EDIT 0740 AM EDT MAY 23 to add:  As of this morning, Next Spaceflight is showing the launch has been scheduled for next Saturday, June 1 at 12:25 PM EDT.


  1. I have been thinking that the number of potential launches by numerous companies have exceeded, or nearly so, the capacity to launch.
    So, the solution for now is to push aside those in the queue but not able to keep the schedule.

    Prior to that, I've thought it somewhat absurd to site launch facilities in so many different locales. It's got to be double digits the number of U.S. states that have at least one space port.
    Perhaps a better answer is pooling resources for larger capacity sited to fewer locations.

    1. Big rockets tend to be launched, in the US of A, over water. So all those land-locked spaceports are just fantasy at this time. And there's only so many active launch pads at the Cape or at Wallops or at Vandenberg.

      SpaceX is looking for either build a completely new launch complex at the Cape or take over the Atlas pad from ULA.

    2. As Beans said, "over water." In China, they launch from inland and drop boosters onto whatever or whomever happens to be there. The only outfits that launch from more than a couple of miles inland are Blue Origin's suborbital flights in Texas and Virgin Galactic in New Mexico, but theirs are under the wing of plane.

      And, yeah, expansion of Cape Canaveral is a regular topic around here. Billions of dollars are being talked about.

    3. Both BO and Virgin launch in basically endless wastelands. And the first time one craters carrying passengers will be the end of flights launched over land. BO already freaked out the normies when they lost one launch.

  2. So '4 days to fix the issue' has now slid to 'sometime within the next 10 years.' Sigh.

  3. "If it's Boeing, you ain't going."

    But, on the plus sign, their engineering staff is diverse!

  4. Got a simple fix suggestion for them. Leave the leaks, no worries, but place a valve or couple of them, be manual valves too, in line pre leaky valves, so your not losing all your reactor control gas.
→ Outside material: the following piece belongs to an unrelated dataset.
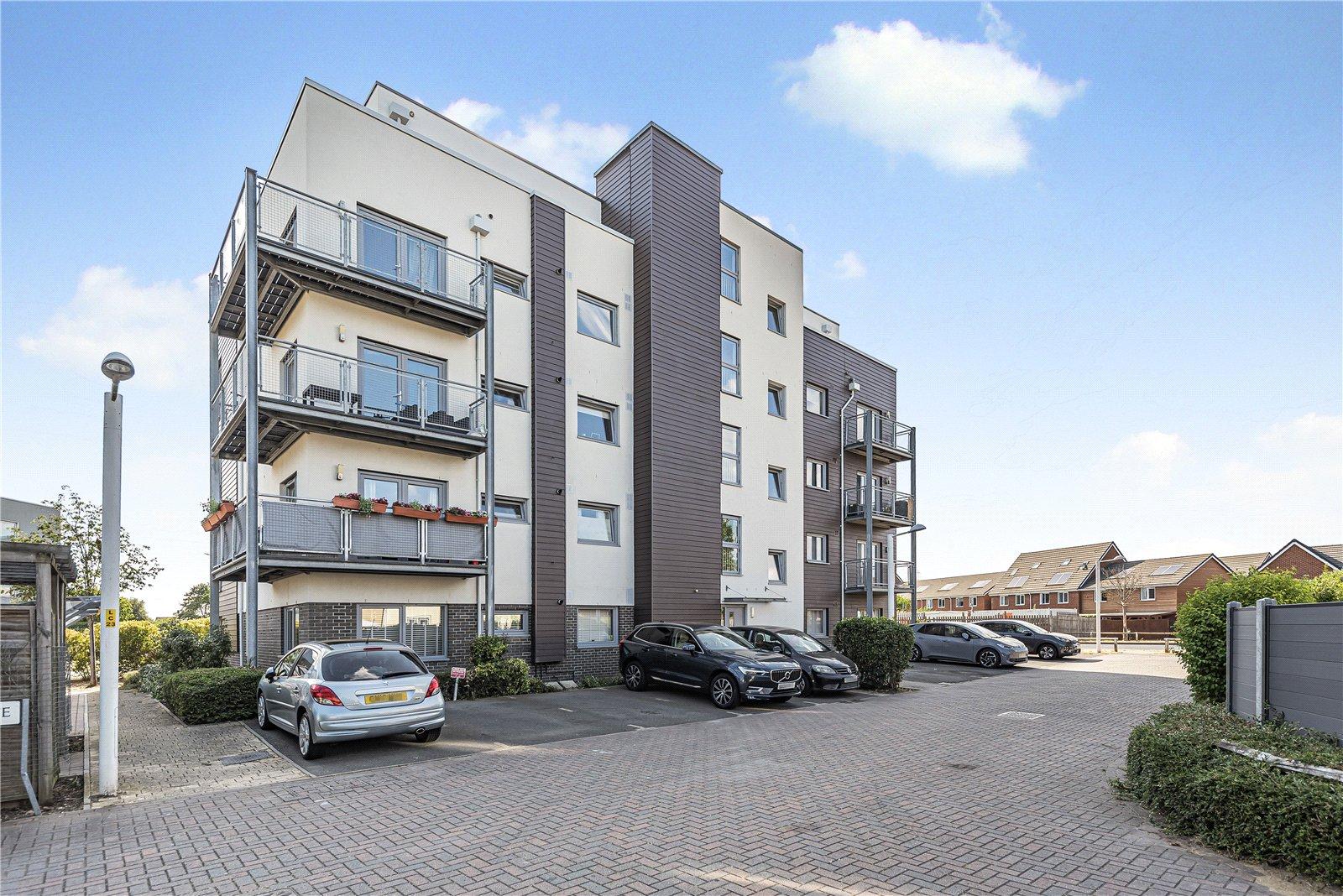 2 bedroom property for sale in Dartford | Robinson Jackson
Simple, astronaut reaches up, turns valve on, turns it off when done. Presto! Problem is history. Launch the darn thing already.

  5. This whole thing is getting embarrassing.
    I am starting to suspect its either deliberate, or malfeasance of a higher order. They know the vehicle system is not human flight certifiable, going further out on a branch, essentially they absconded with hundreds of billions of our tax dollars, you can be rest assured there where zero issues or failures on that end where the leadership bank accounts are concerned. Gave us basically, what is a piece of s#%t Appolo do-over, which they can inky launch on left over 70's designed boosters, they ran out of RD180 Rusky engines, (they could not even build reasonably decent even lower thrust but reliable copies of them, when they had the real McCoys to reverse engineer), cause that was all the money left over after all the fingers in the pie where done stealing most of the funds.

    Why I say that?
    Because pattern in detail is why. A pattern of details which reveal a pattern of corporate failures always similar which do not to fail to do the same thing every time. Thats not failures, that is success.

    Never mind the glaring ten million pound 33 rocket engine Gorilla in the room named SpaceX.

    1. Anon, your last sentenced triggered a kind-of related thought train - ""Rockets of Unusual Size? I don't believe in them!" (Think of the character Wesley (the new Dread Pirate Roberts) in Princess Bride). After he said that, the RUS attacked him.
      Kinda acts like that's what's happening with regards to the RUS known as SpaceX...

  6. It would appear now, that Dream Chaser just might actually beat Starliner to space!
    Seppuku, thy target is Boeing Management!